Die Regierung in Neu-Delhi stellt das vor eine riesige Aufgabe: Die jungen Leute müssen ausgebildet werden – und sie brauchen Jobs. "In den nächsten Jahren wird sich zeigen, ob Indien seine demografische Chance nutzen kann oder diese sich in eine tickende Zeitbombe verwandelt", sagt Efaz Ghani, Experte der Weltbank.

In der nächsten Dekade werden rund 120 Millionen junge Inder auf den Arbeitsmarkt strömen. Das Wachstum der Volkswirtschaft hält damit kaum Schritt. Zwar ist Indien trotz Konjunkturkrise in den vergangenen fünf Jahren im Schnitt um acht Prozent gewachsen, und jährlich sind 11,3 Millionen neue Jobs entstanden. Aber: "Der indische Arbeitsmarkt ist keine Erfolgsgeschichte", sagt Ghani. Denn die meisten Jobs entstanden in der Selbstständigkeit – und in Indien heißt das Straßenhändler oder Schuhputzjunge. Sie verdienen gerade einmal genug, um sich über Wasser zu halten.

Um den sozialen Frieden zu sichern, wird die Regierung "gute Jobs" schaffen müssen. "Vor allem müssen mehr Jobs in der arbeitsintensiven Industrie entstehen" sagt Guanghua Wan von der Asiatischen Entwicklungsbank (ADB). Denn die indische Industrie trägt lediglich ein Viertel zum Bruttoinlandsprodukt (BIP) bei.
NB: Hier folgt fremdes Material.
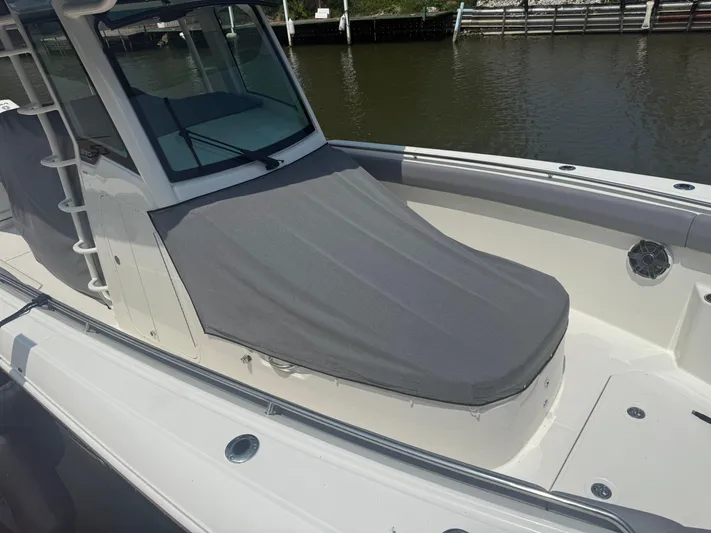  Yacht Photos Pics 2024 Boston Whaler 330 Outrage boat with covered seating area, docked by the water.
In Indien arbeiten gerade einmal 18,2 Prozent der Bevölkerung in der Industrie, in China sind es 23 Prozent.

Größtes Hindernis für die Unternehmen ist die schwache Infrastruktur. Strom- und Wasserausfälle sind an der Tagesordnung. Straßen, Schienen und Flughäfen hoffnungslos überfüllt. Die indische Regierung will daher bis zum Ende des elften Fünfjahresplans 2012 die Investitionen von fünf auf neun Prozent des BIPs erhöhen.

Hinzu kommt, dass Indiens junge Bevölkerung sehr schlecht ausgebildet ist. "Die meisten kommen aus unterentwickelten Regionen und werden kaum in Callcentern arbeiten können" sagt Weltbankexperte Ghani. Zwar gehen 90 Prozent aller schulpflichtigen Kinder zu Schule, oft allerdings nicht regelmäßig. Die Bedingungen für den Unterricht sind miserabel. Ein Lehrer unterrichtet 60 Schüler. Immer noch sind 40 Prozent aller Inder Analphabeten, in China sind es nur acht Prozent.

Eine höhere Ausbildung genießen in Indien gerade mal 12, 4 Prozent aller Schüler. "Indien muss mehr in die Ausbildung seiner Leute stecken", sagt Ghani. Derzeit gibt die Regierung gerade einmal 3,2 Prozent des BIPs für Bildung aus, sechs Prozent müssten es sein. "Ohne Reformen wird die demografische Chance schnell zur Gefahr" sagt Ghani. Und auch ADB-Experte Wan mahnt: "Arbeitslosigkeit wird ein großes soziales und politisches Problem in Indien werden".